Published 1:54 am Thursday, March 7, 2019

With today being World Book Day, Andalusia Public Library’s Children’s librarian Caryl Lee Ray said that without reading, children would struggle in every aspect of life.

“If you don’t read, then you can’t do anything in this world,” Ray said. “When I was teaching school, the ones that struggled with reading, also struggled with history, science, they struggle with everything. Then you get to math and you get the word problems and you can’t do those either. Reading encompasses everything.”

Ray said that what she usually finds with kids who don’t read, it’s not that they can’t, but that they haven’t found something that they enjoy reading.

“As a librarian, that is what I do,” Ray said. “I have to find them a book that will turn them on to what they want to read. We have to make this a happy place, so they want to come back. Think of it as a restaurant, if you get a waitress that is mean and snarky, you won’t want to come back, right? Well, that’s why I have to be warm and inviting and able to drop a song at the drop of a hat, so they will want to come back.”

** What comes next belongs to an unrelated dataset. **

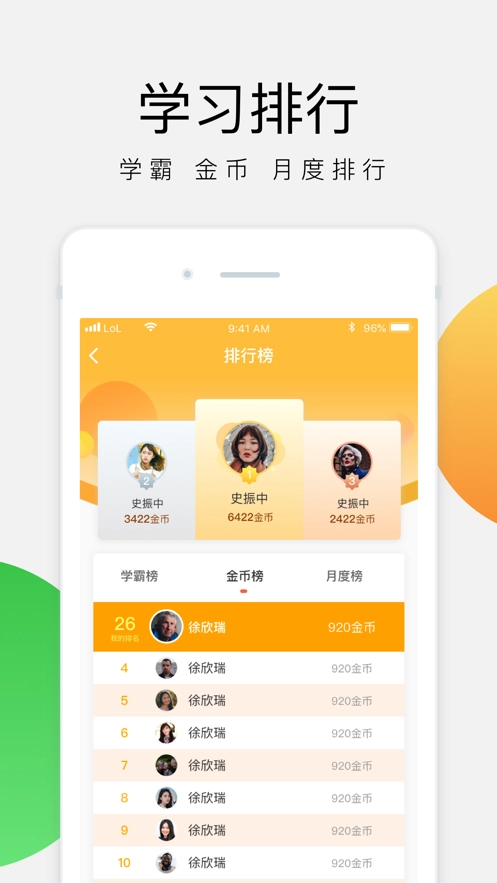 油葱学堂图3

Ray is well known for her story time on Fridays and she believes that story time is helping younger kids with reading skills.

“When you first start out, you can watch them start out with the little hard books and then move on to chapter books,” Ray said. “They say that a 1,000 hours of lap time is needed to compensate app time, because the whole process of sitting them on their lap and reading a book to them or letting them read a book is more involving then being stuck on a screen.”

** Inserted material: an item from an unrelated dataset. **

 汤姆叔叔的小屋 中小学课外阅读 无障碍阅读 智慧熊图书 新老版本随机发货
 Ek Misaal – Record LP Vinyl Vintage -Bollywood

Whether parents read books with their children, or read with them on electronic devices like a Kindle, Ray said that reading is reading.

“If you can read, I am happy with it,” Ray said. “When a parent calls me and says that their kid isn’t reading, I usually tell them to go to Wal-Mart, go to the book aisle and just let their kid pick out whatever they want. If a little girl picks up a hairstyle magazine then let her pick it, if a little boy picks up a car magazine then let them get it, because at least they are reading.”

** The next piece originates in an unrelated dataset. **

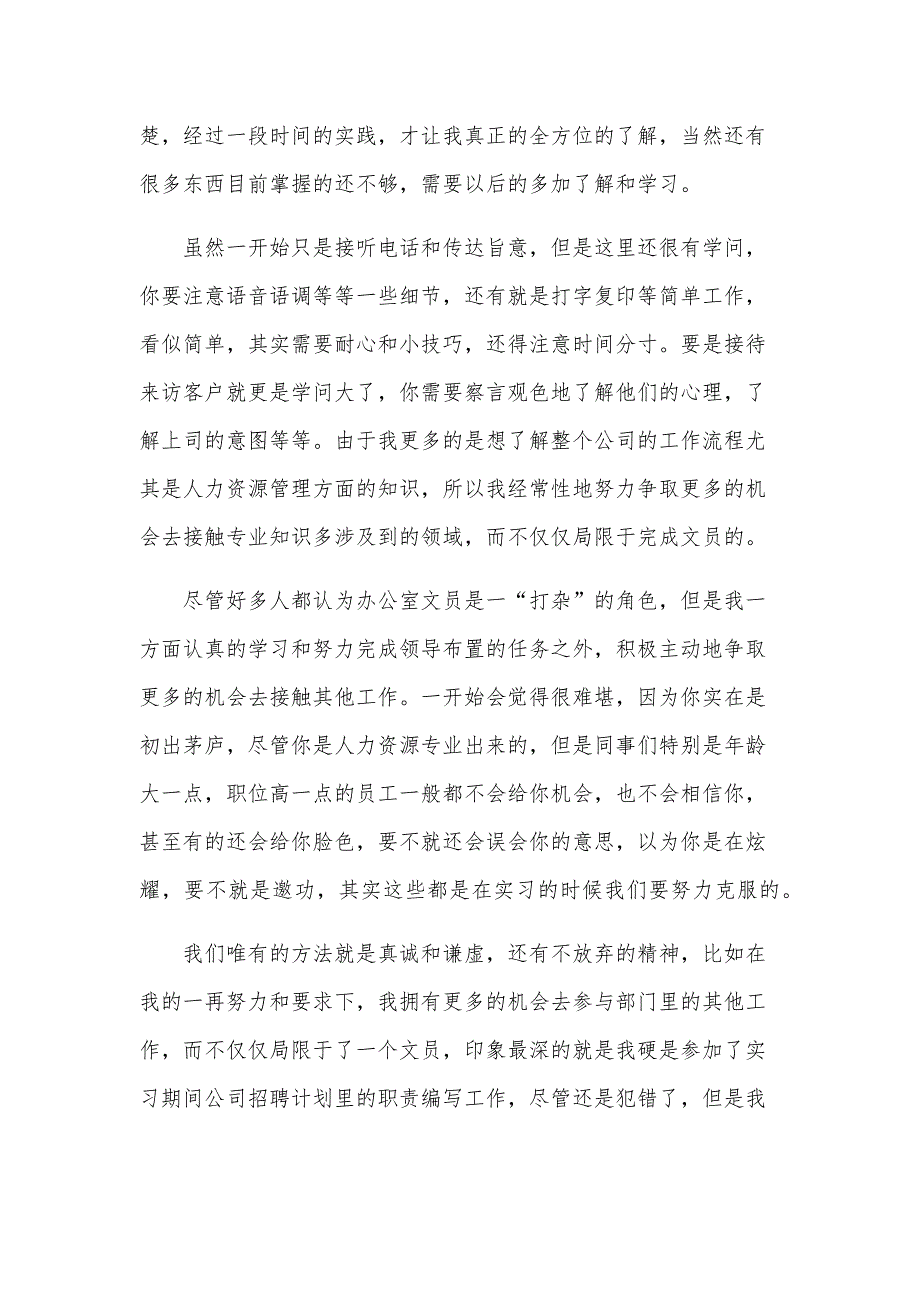 公室文员实习报告（32篇）_第3页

Ray said that books can be used as a way to commemorate somebody and that people usually forget that.

“Every now and then I will pick up a book and it will say, ‘Dedicated to…’ I don’t think people realize that they can do that,” Ray said. “It is something more than just donating so and so’s old books. Don’t give me her Reader’s Digest. You can donate books in memory of somebody and it is going to stay here. It will get a little plaque in the front that says, ‘In Memory of…’ Same thing with children’s books, because there are several in the library now that have stickers on them that are dedicated by a kid and even my boys will come in and flip through the pages and remember that book.”

Though there are several ways to find books online, Ray said that the public library is utilized more than ever.

“This place is utilized by the public everyday,” Ray said. “When we had Hurricane Michael, the people that were displaced came here to use the computers. The homeschooled people came here to use the children’s department to get their school work done. They used the puppet shows for their kids to interact with. We have people come in here all the time from other places to do their genealogy. This place is used for people trying to find jobs, homeless people, people getting proctored during tests, the list goes on and on. I would say that on average we get around 100 people in this library a day.”